Ouch, yes you need a big inverter. What RPM is the drill you use?



Tirediron said:


> but cording a 12 -14 volt drill to a battery is a good plan.


They ARE Handy!!



Tirediron said:


> I fab up a skid that fits in our ATV tilt trailer that will hold a bunch of Group 31 batteries


Get some 20 foot jumper cables to attach your big battery pack to tour "seldom used equipment" and you can charge you batteries in just an hour easily.



Tirediron said:


> and an inverter, ... it may be cheaper to change a well pump to 110V than to buy a 220V inverter.


220 inverters are extremely common... in 50Hz!!! 
I don't see 60Hz ones very often.


----------



## Tirediron (Jul 12, 2010)

Is there a way to phase 2 110 v inverters to power the legs or would that be more hassle than it is worth??(upon a bit more research, I see that some of the outback units are designed for this)


----------



## LincTex (Apr 1, 2011)

http://www.ebay.ca/itm/Brand-New-15...er-with-USB-Car-charger-caravan-/181158140026

http://www.ebay.ca/itm/24volt-GSL-T...-to-240VAC-600w-RMS-1250W-surge-/161073200489

http://www.ebay.ca/itm/AIMS-7000-WA...IAL-MODIFIED-SINE-WAVE-INVERTER-/220872597156


----------



## cowboyhermit (Nov 10, 2012)

Looks to me like that is a good setup, price not bad considering it includes the MC4's, I often don't use them but they make for a clean setup. Charge controller is a MPPT so that's sweet, is going to be about maxed out with that panel but should work great.

The well pump is often a sticky problem which is ironic because solar works great for pumping water, it is just one of those design vs. retrofit issues. For the most part I have found swapping the pump to be the easiest solution but obviously it can feel like throwing money down the drain. After sanitizing you can always repurpose the 220V pump to another well but for most people that will not be especially useful.

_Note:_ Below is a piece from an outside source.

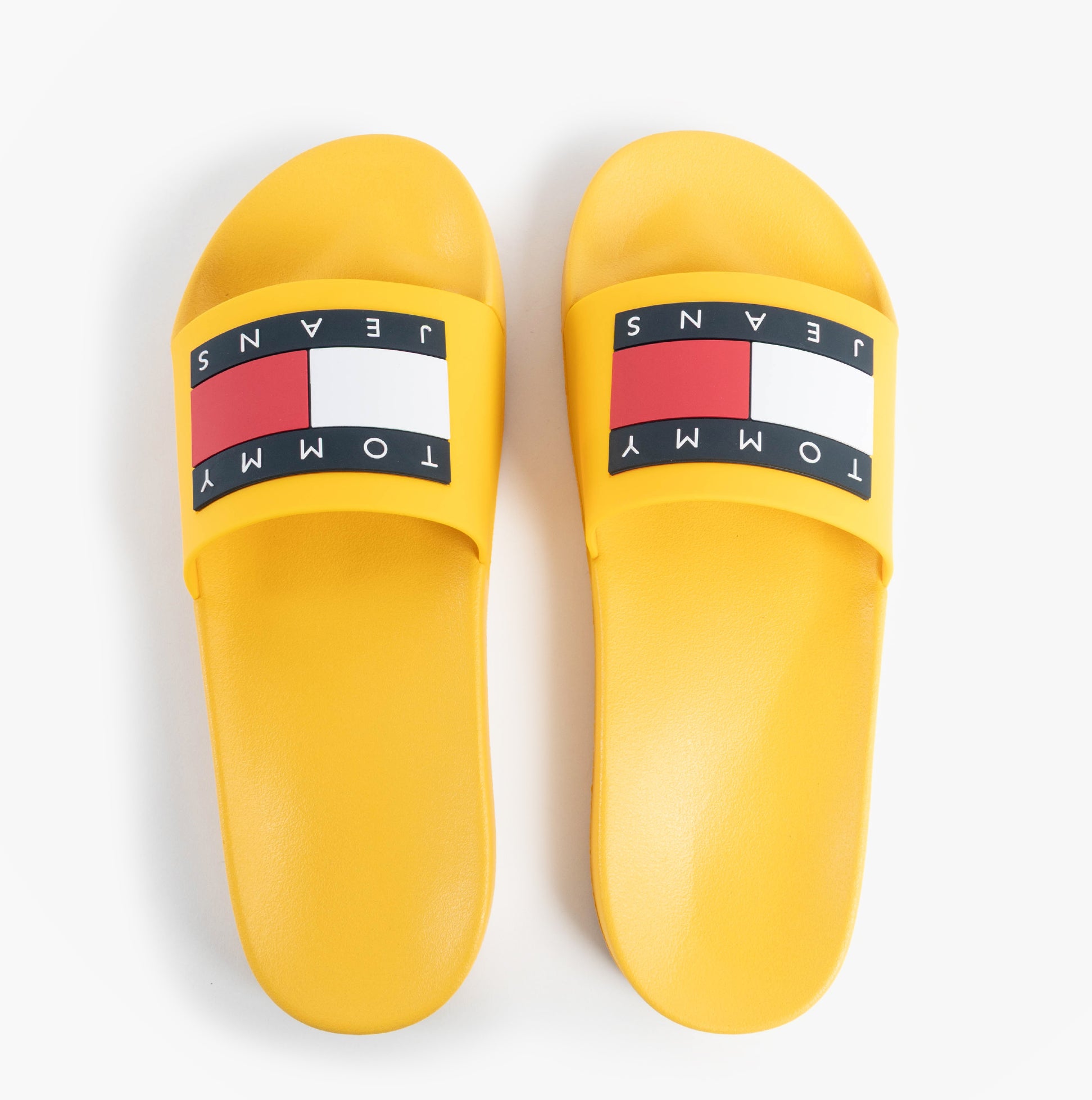 Tommy Hilfiger TJ POOL SLIDES Mens Slides Warm Yellow House Of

I have also seen transformers used for the purpose but I don't have a ton of experience with them, something like this;

http://www.amazon.ca/LiteFuze-2000-Voltage-Converter-Transformer/dp/B002IU36J2/ref=sr_1_1?ie=UTF8&qid=1394469739&sr=8-1&keywords=120+240+transformer

maybe someone has more knowledge of these types of units.


----------



## Tirediron (Jul 12, 2010)

I just remembered that I have a well that needs a pump anyway, so I can use the 220 pump there and put a 110 pump in the one I was thinking of backing with solar, Don't know why I didn't think of it sooner. Does anybody have any experience with invert it 
http://solarwholesaler.ca/product-category/inverters/pure-sine-inverters/ 
inverters?? the price is pretty nice.


----------



## cowboyhermit (Nov 10, 2012)

Tirediron said:


> I just remembered that I have a well that needs a pump anyway, so I can use the 220 pump there and put a 110 pump in the one I was thinking of backing with solar, Don't know why I didn't think of it sooner. Does anybody have any experience with invert it
> http://solarwholesaler.ca/product-category/inverters/pure-sine-inverters/
> inverters?? the price is pretty nice.


Those really do look interesting for the price and features, no experience though.


----------



## LincTex (Apr 1, 2011)

I can't help but think they all come from " People's Democratic Inverter Works #24 " or some other aptly named factory.


----------